Minipost: “Siegfried” Follow-up

Forging Song addendum: I haven’t given this much attention in the above, because it more or less leaps over the trouble area, and all these tenors sing it effectively according to their powers. But for fans of the hit tune: search out the late ’30s recording of the whole scene by Nikandr Khanayev, known to us mostly for his Soviet recordings of character roles after WW2, when he was into his late 50s and 60s. This is impressive heroic tenor singing (in Russian, of course), and seconded by the hairy-sounding Mime of Alexander Peregudov.

Brünnhilde: There is less to be said about our soprano referents.
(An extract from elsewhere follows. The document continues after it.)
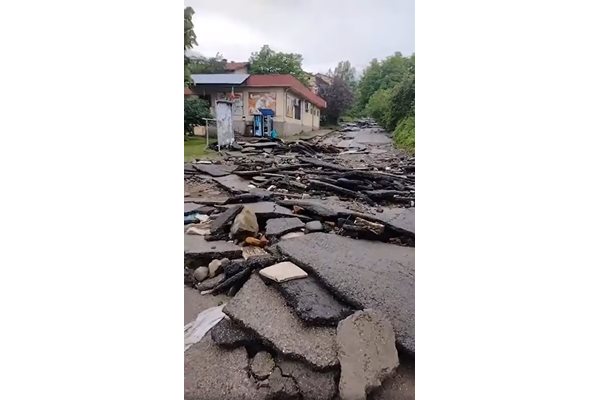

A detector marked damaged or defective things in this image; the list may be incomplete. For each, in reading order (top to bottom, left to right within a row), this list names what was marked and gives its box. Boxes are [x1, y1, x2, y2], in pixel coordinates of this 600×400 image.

damaged infrastructure [185, 119, 414, 400]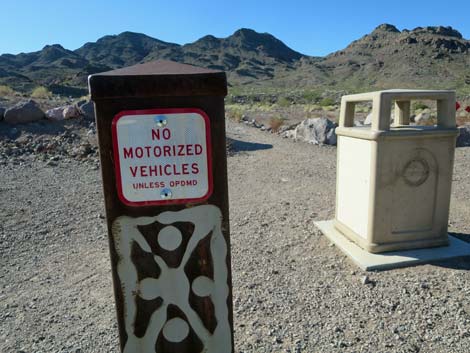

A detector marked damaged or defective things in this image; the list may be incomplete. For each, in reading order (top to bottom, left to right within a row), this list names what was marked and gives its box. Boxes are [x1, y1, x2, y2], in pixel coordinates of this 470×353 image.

rusty metal post [88, 60, 233, 352]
While singers with all the qualifications for the role have never been exactly in profusion, in the first half of the last century there were always at least several on the international scene with the size and quality of voice, the technical control, and the stylistic command to give satisfying performances in the two roles that establish the “high dramatic” Fach, Brünnhilde and Isolde. Certainly there was no parallel to the heavy Heldentenor situation, where all but one or, at best, two, seemed lacking in some fundamental aspect relative to the demands of the music. And the writing for the heavy Wagnerian female roles does not truly parallel that of the male. It is more “normal”—i. e., wider—in range. This may appear to make these parts more difficult than their tenor equivalents, but it does not. The soprano is not forced to cram all her most dramatic utterances and wordy articulations into a few pitches in her upper-middle range, where weight can easily accumulate, and even if she were, she would not be singing at the upper edge of the passaggio—the registral distribution is entirely different. Instead of being penned in, she gets to roam the range in freer and more supple fashion. The problem, of course, is to do this with an instrument of sufficient calibre—or, failing that, cutting edge—to take its proper position in the musical fabric and convey the emotional life of the character in that sonorous context.
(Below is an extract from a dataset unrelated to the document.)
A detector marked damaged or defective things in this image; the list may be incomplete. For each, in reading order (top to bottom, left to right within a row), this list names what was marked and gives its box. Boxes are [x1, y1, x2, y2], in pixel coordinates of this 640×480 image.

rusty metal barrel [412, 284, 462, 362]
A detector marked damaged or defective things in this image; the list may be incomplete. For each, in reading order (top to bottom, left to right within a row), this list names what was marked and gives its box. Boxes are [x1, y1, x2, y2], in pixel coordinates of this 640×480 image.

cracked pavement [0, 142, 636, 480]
Besides, we have in these performances three supremely gifted singers: Kirsten Flagstad (twice, for Furtwängler/La Scala and Bodanzky/Met), Helen Traubel (Stiedry/Met), and Astrid Varnay (Keilberth/Bayreuth. As with the Siegfried of Suthaus, and for similar reasons, I am not submitting his partner, Martha Mödl, for consideration here.) Flagstad’s two performances come close to bracketing her war-interrupted international career. She was less than two years past her Met debut with the 1937 broadcast, and sang for only a few seasons beyond the 1950 one. (She is in fact the Walküre Brünnhilde of the Stiedry cycle.) She’s the only one of these sopranos I did not hear in person, as was Lorenz among the tenors. As a young devotee in the late 1940s and ’50s, I was surrounded by many who did hear her, and these included not only fellow devotees, but veteran conductors, critics, and ex-singers, some of whom had also heard Leider, Lawrence, Kappel, and even Gadski, not to mention others on interwar European stages. To a person, they assured me that they had heard no voice to compare with Flagstad’s in terms of size, tonal purity, and ease of emission combined. The latter two qualities can be confirmed from her records, and if we trust, as I do, these reports (echoed in contemporaneous reviews) on the first one, we can imagine ourselves utterly transported by a phenomenon as unique in its way as that of Melchior.